This Season, FST is proud to kick off its Winter Mainstage Series with a play that The New York Post called “Broadway’s new big, fat hit.” Shakespeare is coming to Florida Studio Theatre. Strictly speaking — the knock-off Shakespearean play featured in Something Rotten!, dreamed up by two dirty rotten scoundrels competing with The Bard. To explain their funny business, let’s turn back the clock. (Or turn the hourglass, as the case may be.)
Elizabethan London was a time of hothouse creativity. Playwrights like Shakespeare and Marlowe burned with theatrical genius. We remember those superstar scribes, and forget the multitude of hacks, drudges, talented failures, and sell-outs. Case in point: the two brother playwrights at the heart of Something Rotten! — Nick and Nigel Bottom.
The Bottoms are struggling playwrights — and Shakespeare is the reason they struggle. He’s a tough act to follow, and these ink-stained wretches just can’t compete. The brothers know they can’t beat the Bard with their own words. If they steal Shakespeare’s words, they might wind up in a duel. Ah … but what if there’s a way to steal his ideas?

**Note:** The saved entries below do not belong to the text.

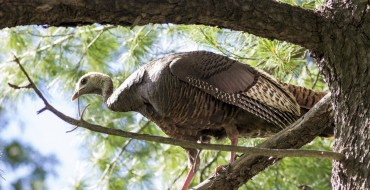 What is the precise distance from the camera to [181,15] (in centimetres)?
248

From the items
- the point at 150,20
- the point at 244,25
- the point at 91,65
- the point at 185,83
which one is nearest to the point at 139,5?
the point at 150,20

They cook up a hairbrained scheme, and comedy ensues.
“In Something Rotten!, Shakespeare is like a rock star,” says Karey Kirkpatrick, who co-wrote the book, music, and lyrics for the the Broadway hit musical comedy. “We always talked about him as being a cross between Mick Jagger, James Brown, Tom Jones, and a little bit of Austin Powers. We wanted him to be the Shakespeare you’ve never seen before.”
The Shakespeare of Something Rotten! may be full of himself, but he’s still a genius. So how do the Bottom brothers plan to outdo him? Do they have a mind-reader?

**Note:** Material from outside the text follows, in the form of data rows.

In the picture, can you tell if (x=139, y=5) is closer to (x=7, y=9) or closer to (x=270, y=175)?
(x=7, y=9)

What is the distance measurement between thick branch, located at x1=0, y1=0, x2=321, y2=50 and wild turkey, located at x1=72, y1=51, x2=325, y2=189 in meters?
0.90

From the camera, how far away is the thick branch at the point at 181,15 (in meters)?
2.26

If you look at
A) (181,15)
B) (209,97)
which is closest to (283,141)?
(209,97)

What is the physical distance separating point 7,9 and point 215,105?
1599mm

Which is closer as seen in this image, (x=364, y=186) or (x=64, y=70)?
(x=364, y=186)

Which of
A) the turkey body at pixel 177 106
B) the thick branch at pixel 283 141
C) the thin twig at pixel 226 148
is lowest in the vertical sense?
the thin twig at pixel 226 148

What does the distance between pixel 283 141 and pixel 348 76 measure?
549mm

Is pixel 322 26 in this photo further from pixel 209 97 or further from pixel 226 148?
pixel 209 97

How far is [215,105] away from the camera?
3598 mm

No. But they’ve got someone better: a fortuneteller.
Using the soothsayer’s powers of premonition, the Bottoms rip off ideas The Bard hasn’t even had yet — and snag the plot for Shakespeare’s next big hit. That seems to work! Next, they ask their seer to look further into the future. He peers centuries ahead — and predicts that the future of the theater will be musicals. The brothers add song and dance to vague glimpses they have of Shakespeare’s stolen story. And set out to write the world’s very first musical.
Is that a foolproof plan or what? What could possibly go wrong?
Competency problems, for one. If you want good results, you need to hire the right people. But their prophet for hire turns out to be a second-rate seer.
Nostradamus is his name. But he’s not the original Nostradamus.
According to Wayne Kirkpatrick, who co-wrote the music and lyrics alongside Karey, they’d originally considered using the first-edition Nostradamus as a character. Not to be. Turns out, that ambiguous oracle had died 80 years before the time of the play. Ah … But what if he’d had a nephew?
Wayne adds that their knock-off Nostradamus is also living in the shadow of greatness. He’s not as a good as his uncle. But he thinks he is.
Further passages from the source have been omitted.